### MATERIALS PROVIDED

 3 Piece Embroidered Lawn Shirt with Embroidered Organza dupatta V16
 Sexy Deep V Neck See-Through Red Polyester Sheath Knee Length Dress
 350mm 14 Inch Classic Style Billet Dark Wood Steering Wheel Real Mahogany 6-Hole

######
### MATERIALS PROVIDED

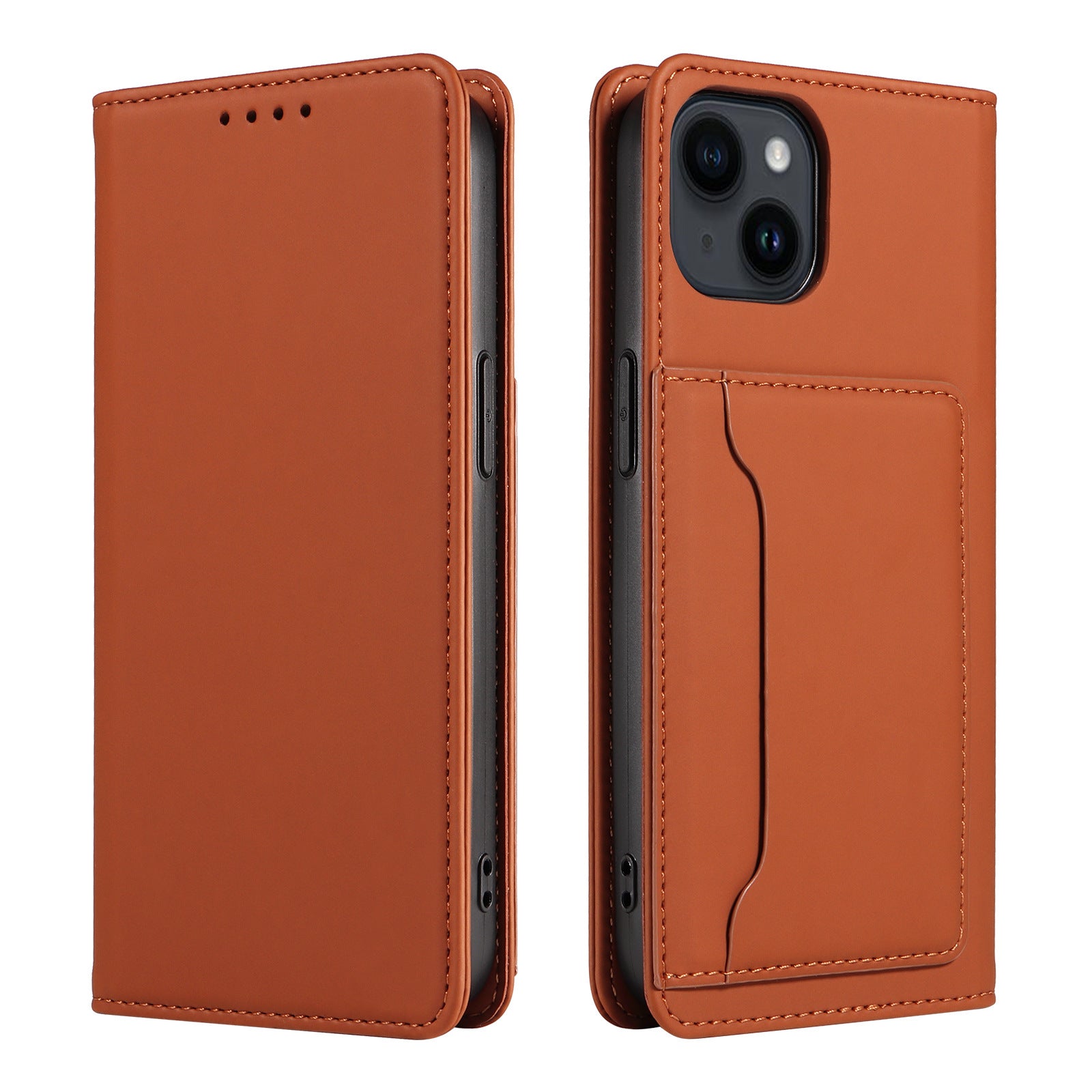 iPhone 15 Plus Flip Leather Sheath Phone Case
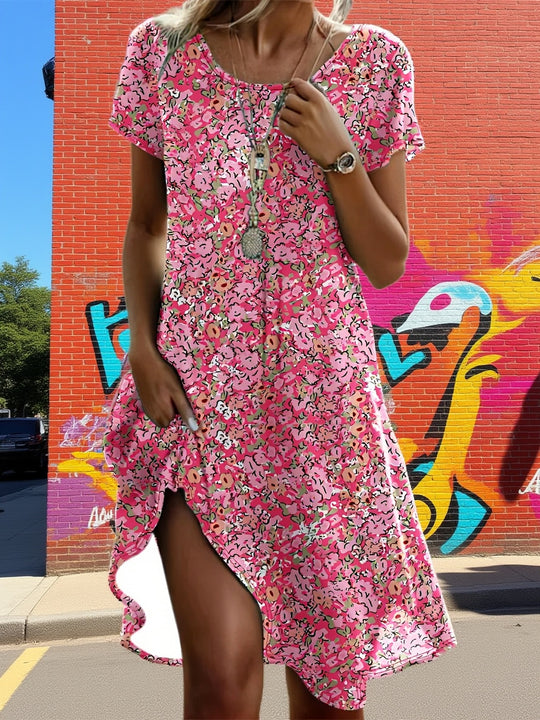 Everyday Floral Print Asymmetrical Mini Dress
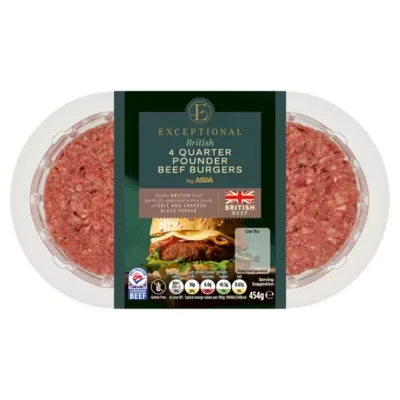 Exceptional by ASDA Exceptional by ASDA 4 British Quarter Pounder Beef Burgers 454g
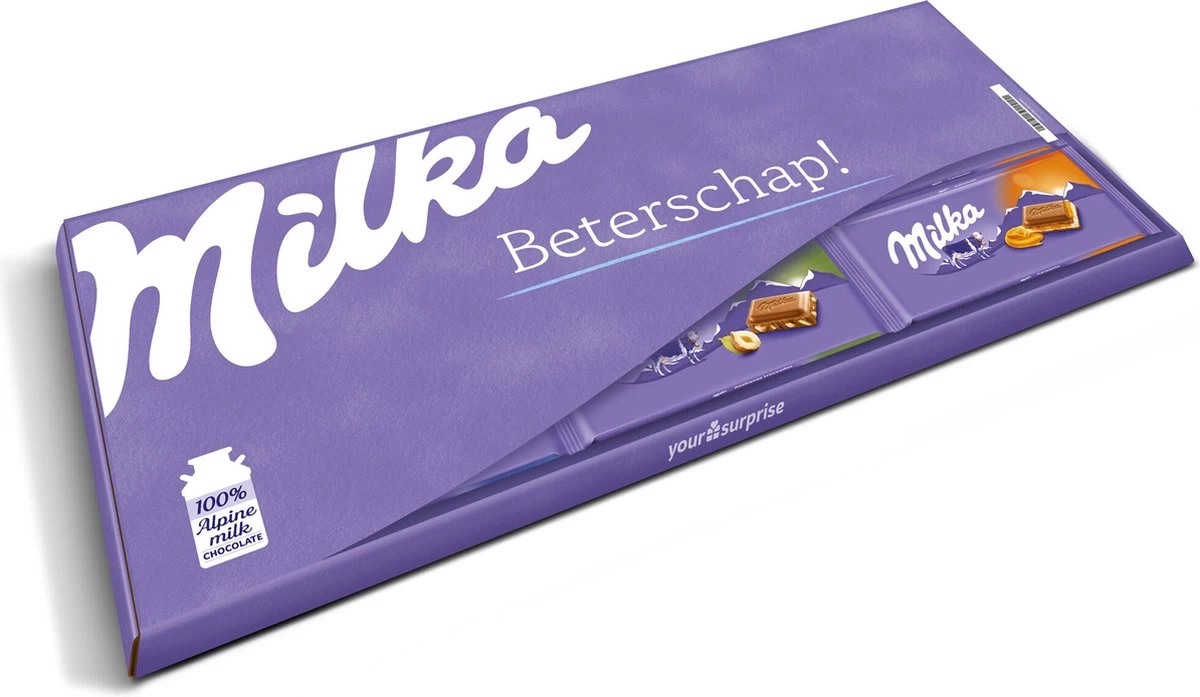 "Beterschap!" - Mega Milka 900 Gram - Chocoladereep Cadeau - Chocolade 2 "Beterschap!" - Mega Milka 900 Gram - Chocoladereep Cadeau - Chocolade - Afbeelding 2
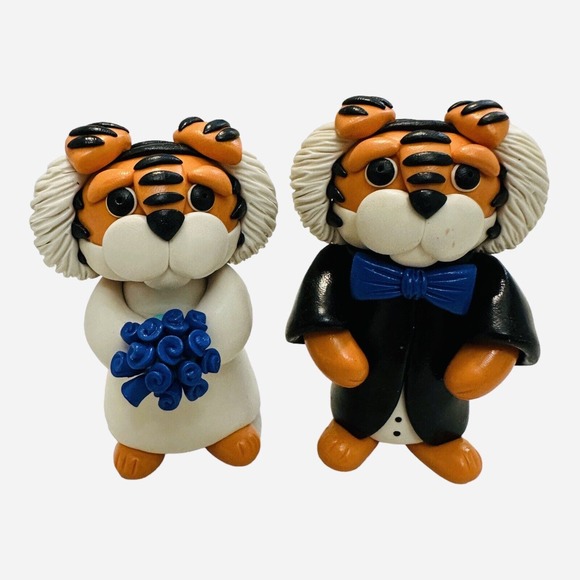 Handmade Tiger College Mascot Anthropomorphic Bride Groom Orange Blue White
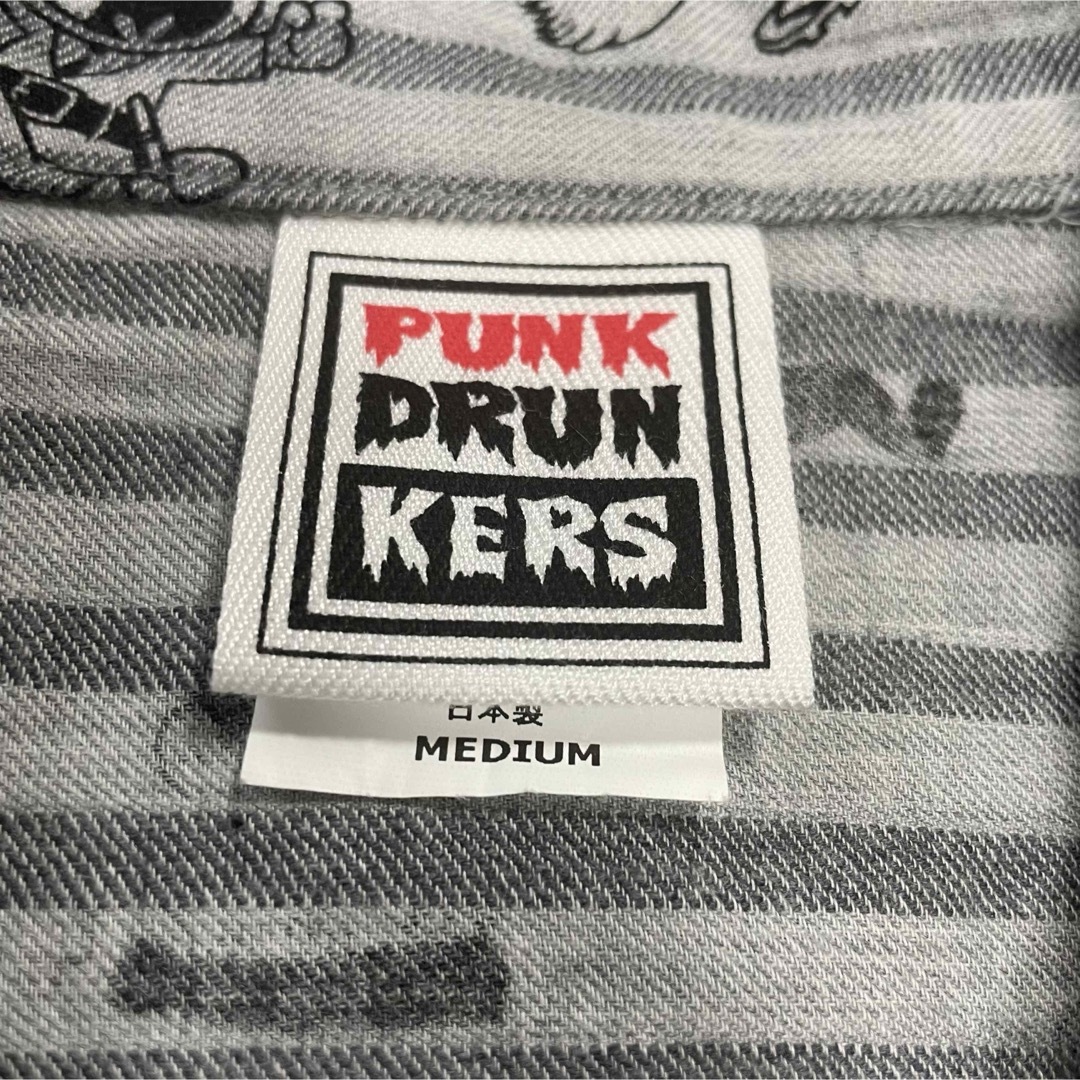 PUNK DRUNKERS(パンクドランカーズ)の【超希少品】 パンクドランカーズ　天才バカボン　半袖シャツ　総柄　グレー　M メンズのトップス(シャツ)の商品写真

######
### MATERIALS PROVIDED

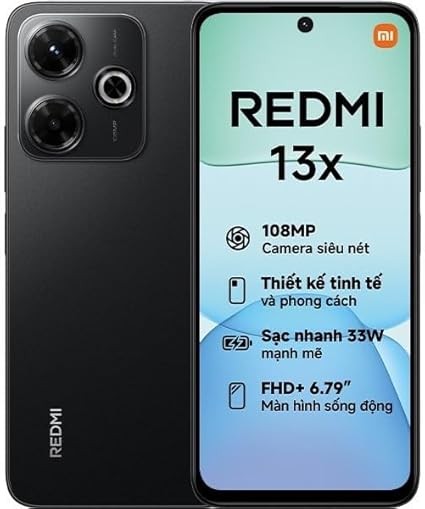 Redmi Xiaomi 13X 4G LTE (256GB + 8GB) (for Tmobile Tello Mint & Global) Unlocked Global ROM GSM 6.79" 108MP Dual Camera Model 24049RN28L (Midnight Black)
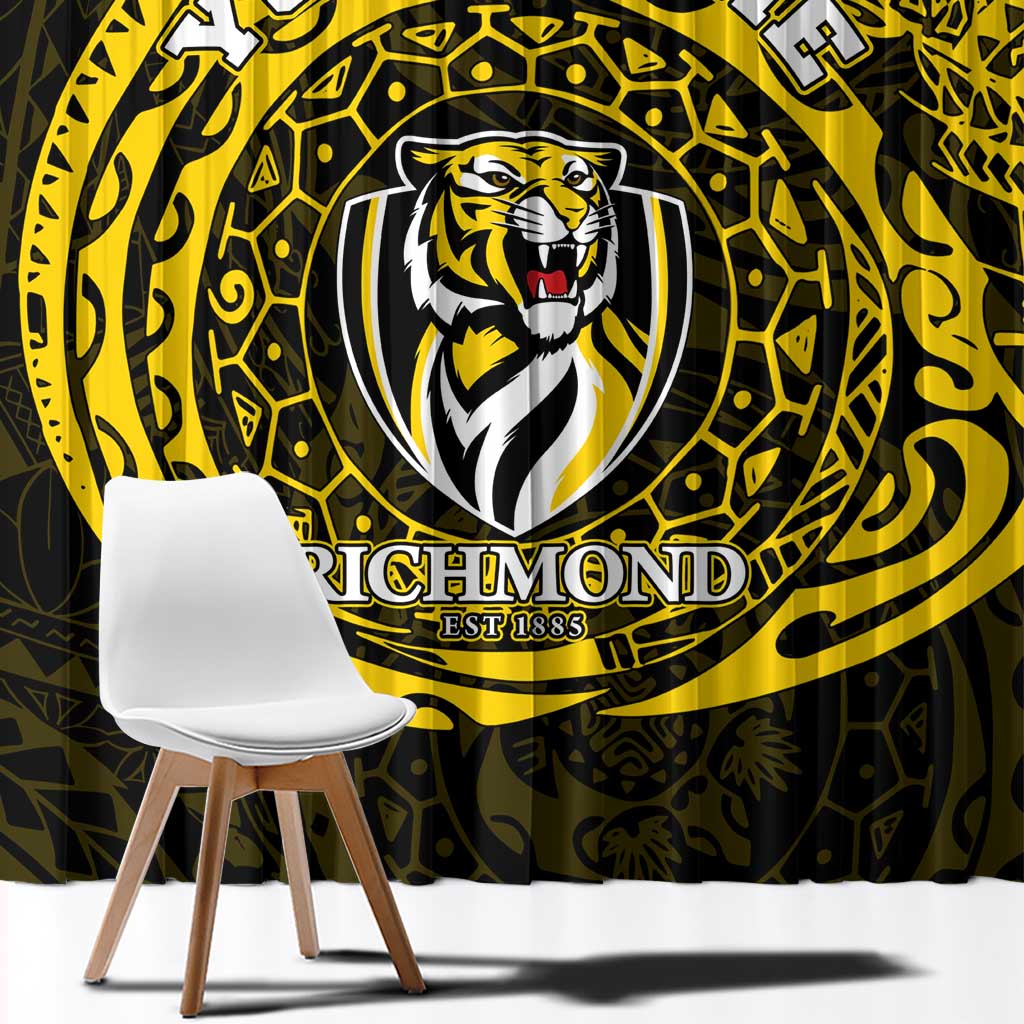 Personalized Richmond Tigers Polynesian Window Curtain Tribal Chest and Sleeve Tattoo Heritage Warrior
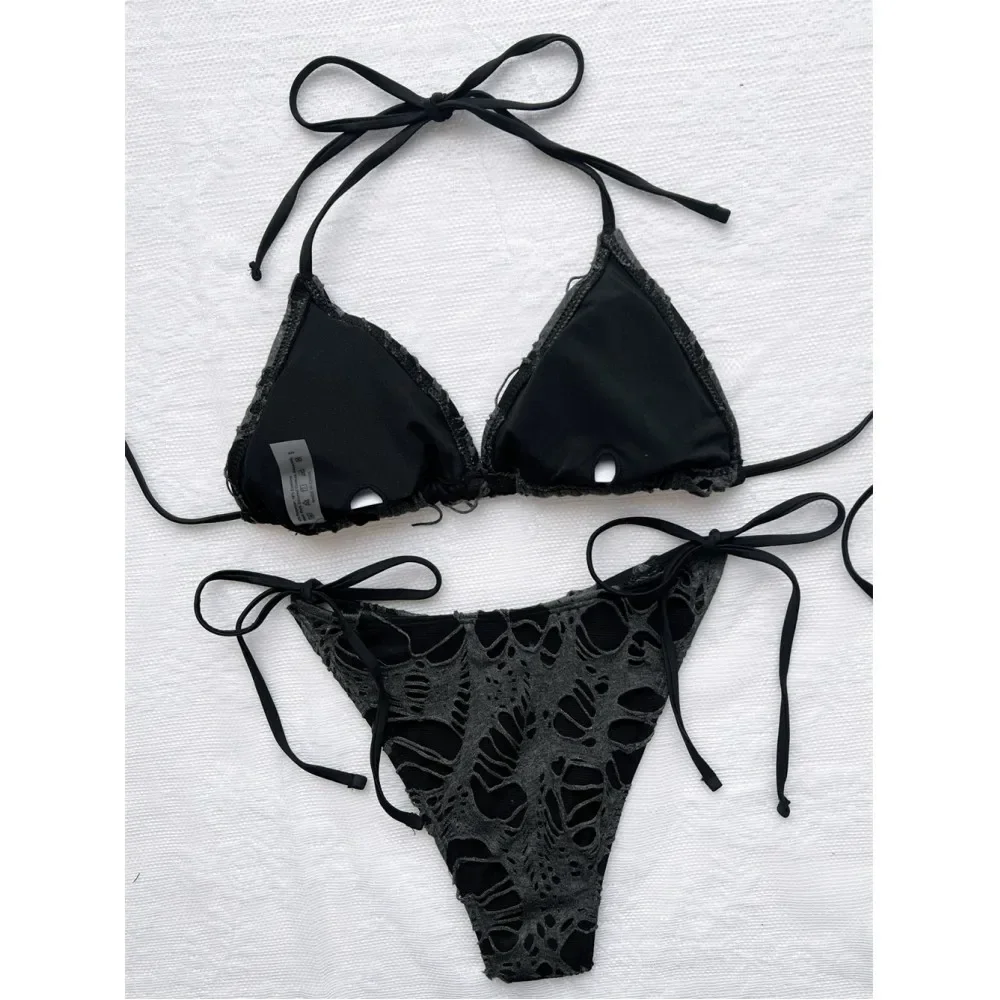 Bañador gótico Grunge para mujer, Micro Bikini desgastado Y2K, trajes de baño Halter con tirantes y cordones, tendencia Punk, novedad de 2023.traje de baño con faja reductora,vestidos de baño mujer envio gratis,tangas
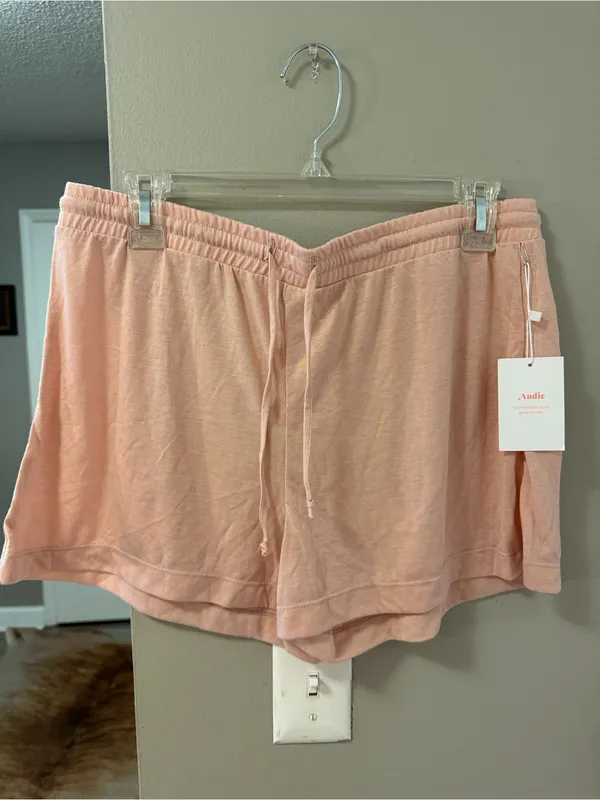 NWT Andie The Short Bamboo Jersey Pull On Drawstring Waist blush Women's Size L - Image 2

######

Only the lines starting at the one with "Everyday Floral Print" and ending at the one with "PUNK DRUNKERS(パンクドランカーズ)の【超希少品】 パンクドランカーズ　天才バカボン　半袖シャツ　総柄　グレー　M" should be printed, each exactly as it appears in the material above; the pictures are to be omitted.

 Everyday Floral Print Asymmetrical Mini Dress
 Exceptional by ASDA Exceptional by ASDA 4 British Quarter Pounder Beef Burgers 454g
 "Beterschap!" - Mega Milka 900 Gram - Chocoladereep Cadeau - Chocolade 2 "Beterschap!" - Mega Milka 900 Gram - Chocoladereep Cadeau - Chocolade - Afbeelding 2
 Handmade Tiger College Mascot Anthropomorphic Bride Groom Orange Blue White
 PUNK DRUNKERS(パンクドランカーズ)の【超希少品】 パンクドランカーズ　天才バカボン　半袖シャツ　総柄　グレー　M メンズのトップス(シャツ)の商品写真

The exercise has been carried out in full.